QMy partner and I are throwing an engagement party in a month and feel completely unnerved by our situation. Not only have our families not met, they don't know about how either of us identifies. Both my partner and I are not completely out to our families. We both identify as queer, which is a term that feels a bit too radical for our traditional background.
My partner is male identified, female bodied, and will not ever have surgery or take hormones, and does not identify as trans but is not out as male to his family. Furthermore and to make things more complicated we both don't go by our birth names with each other or our friends.
As we approach our engagement party where our families will meet our partner for the first time, as well as each other, we are feeling really nervous that they will be uncomfortable and confused. We don't know what to do about the situation. Should we make a video and essentially come out to them?
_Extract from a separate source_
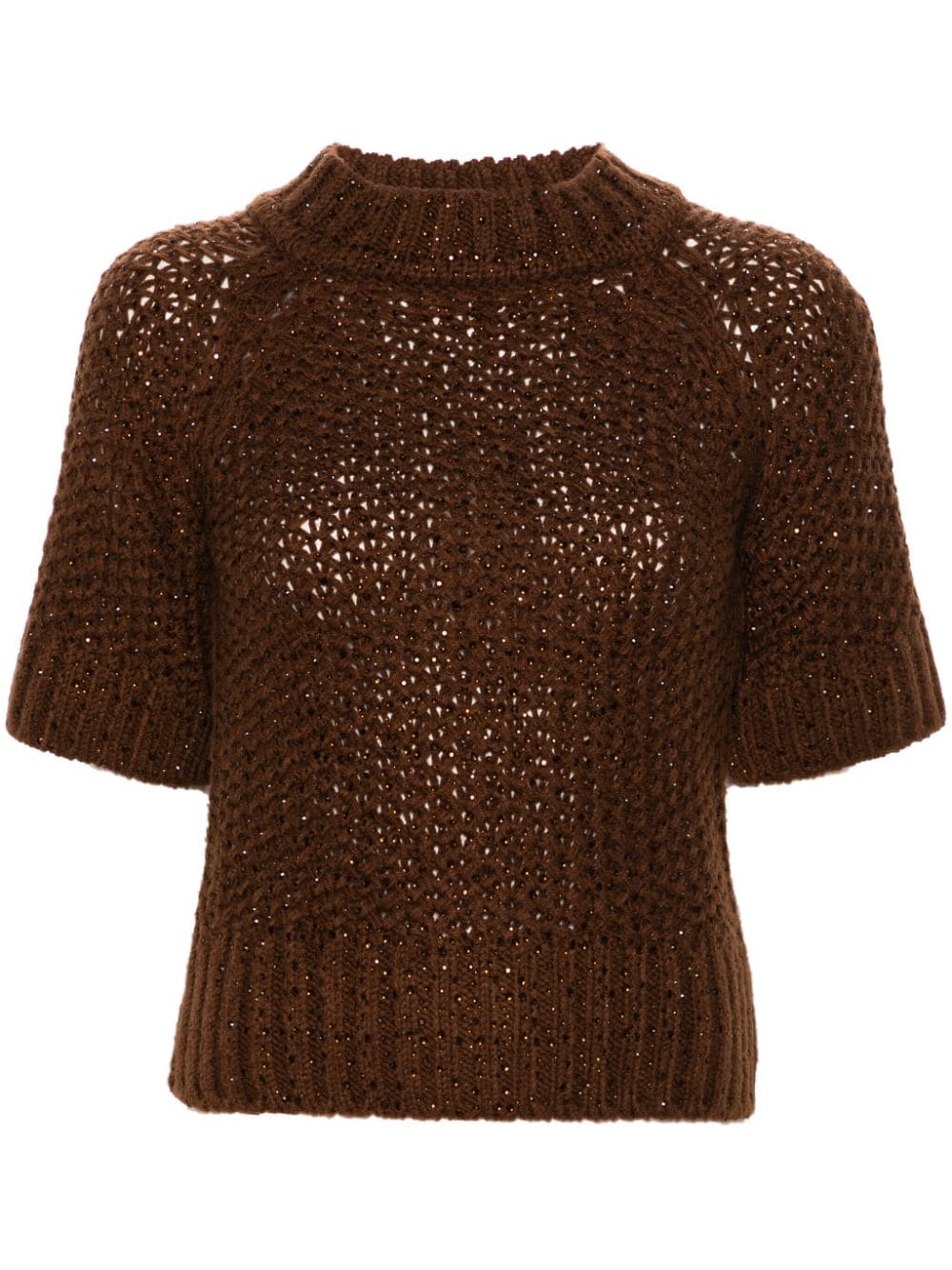 Ermanno Scervino crystal-embellished mock-neck top - Brown von Ermanno Scervino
Should we act as if there is no issue, even though they will refer to us by names we don't identify and a gender pronoun that is invalidating? How can we be ourselves and seen for who we are in this without being offensive, or go Queer Politics 101 on them? It feels so complicated; any advice would be much appreciated.
Kay
ADear Kay,
It’s great that you are thinking ahead to the engagement party and how everyone will react to all of these surprises: the names by which you want to be addressed, the gender you identify with and that you’re queer. It’s a lot to take in all at once, especially under the scrutiny of your family of choice: your friends. The purpose of the engagement party is to celebrate, not educate. I imagine you want whoever is in attendance to enjoy themselves at this festive occasion, instead of trying to follow what is happening, leading to confusion and possibly very hurt feelings.
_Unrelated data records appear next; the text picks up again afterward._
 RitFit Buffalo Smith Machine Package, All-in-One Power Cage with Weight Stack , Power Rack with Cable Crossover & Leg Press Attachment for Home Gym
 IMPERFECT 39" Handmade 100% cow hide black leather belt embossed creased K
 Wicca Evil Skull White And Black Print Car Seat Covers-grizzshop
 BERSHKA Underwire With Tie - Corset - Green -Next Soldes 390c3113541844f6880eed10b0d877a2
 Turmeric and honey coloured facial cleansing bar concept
They’ll be hurt not because what they’ve learned about you, but because they didn’t know it beforehand.
As hard as it might be, I think you need to tell all family members in the dark about all of these parts of who you are as individuals in advance of the party. The only way that I recommend a video is if you have family coming from different geographical regions than your own. I am discouraging the video because it’s not personal enough and it doesn’t afford your family the opportunity to ask questions. It’s out of love that they will want to better understand what you’re saying. Some might not have ever heard of the term “queer” outside of it being a derogatory, hate-filled insult, and not know that it’s been reclaimed as a term of pride. Radical activists in the 1990s especially deployed “queer” to signify empowerment and a sense of unity against the oppressive heteronormative sex/gender system in America.
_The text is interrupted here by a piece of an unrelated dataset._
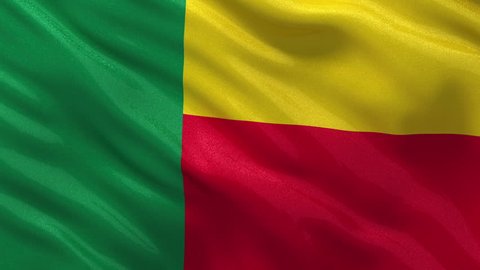 Flag of Benin gently waving in the wind. Loop ready file with highly detailed fabric texture.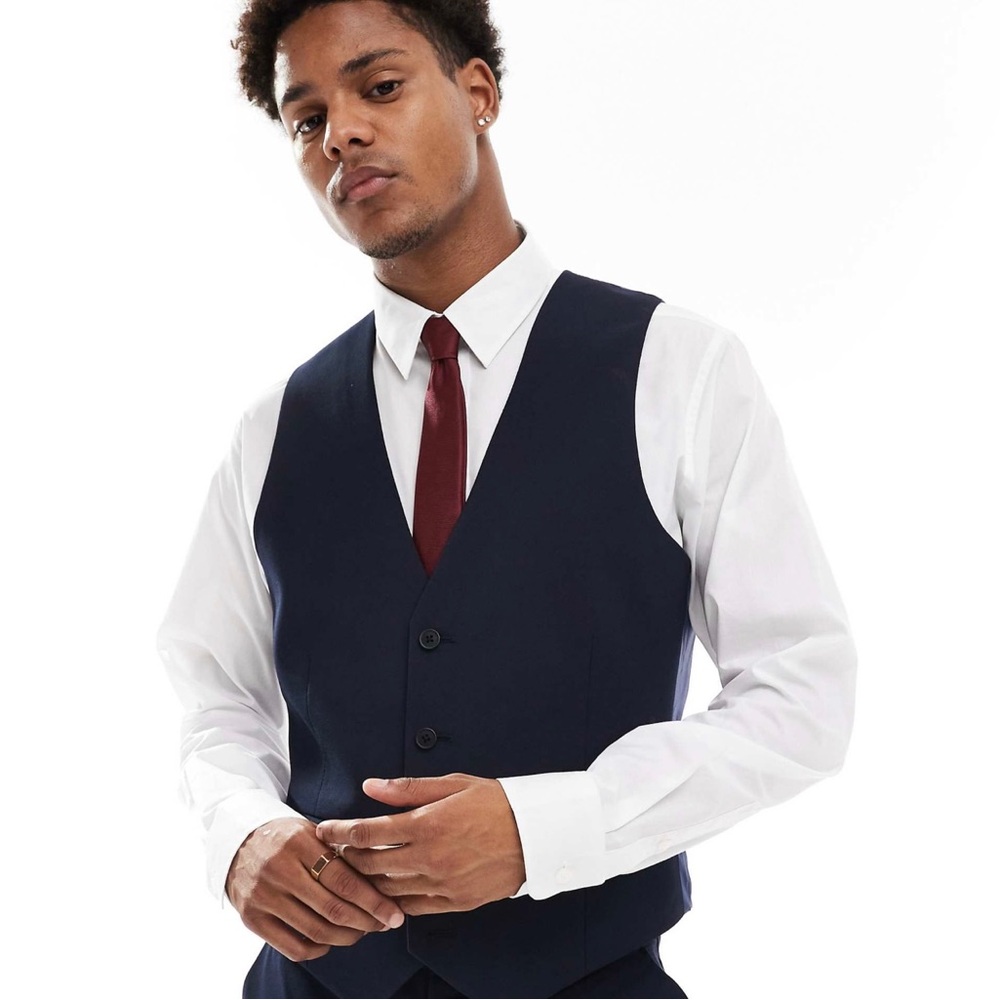 Asos Design Men's Navy Blue Vest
This conversation is best to be had in person. It can be done in a group setting for convenience. And it’s certainly best to have the conversation with as many relatives as you can, rather than hoping the message can get passed along by the more-than-eager gossiping family members we all have. It would be like the game “Telephone,” and I quiver imagining how everything you’re telling me will get lost in translation as Aunt Betty tries to explain to Great Grandpa what it means that your partner identifies as a man but isn’t getting gender-reassignment surgery and wants him to call him by a male name.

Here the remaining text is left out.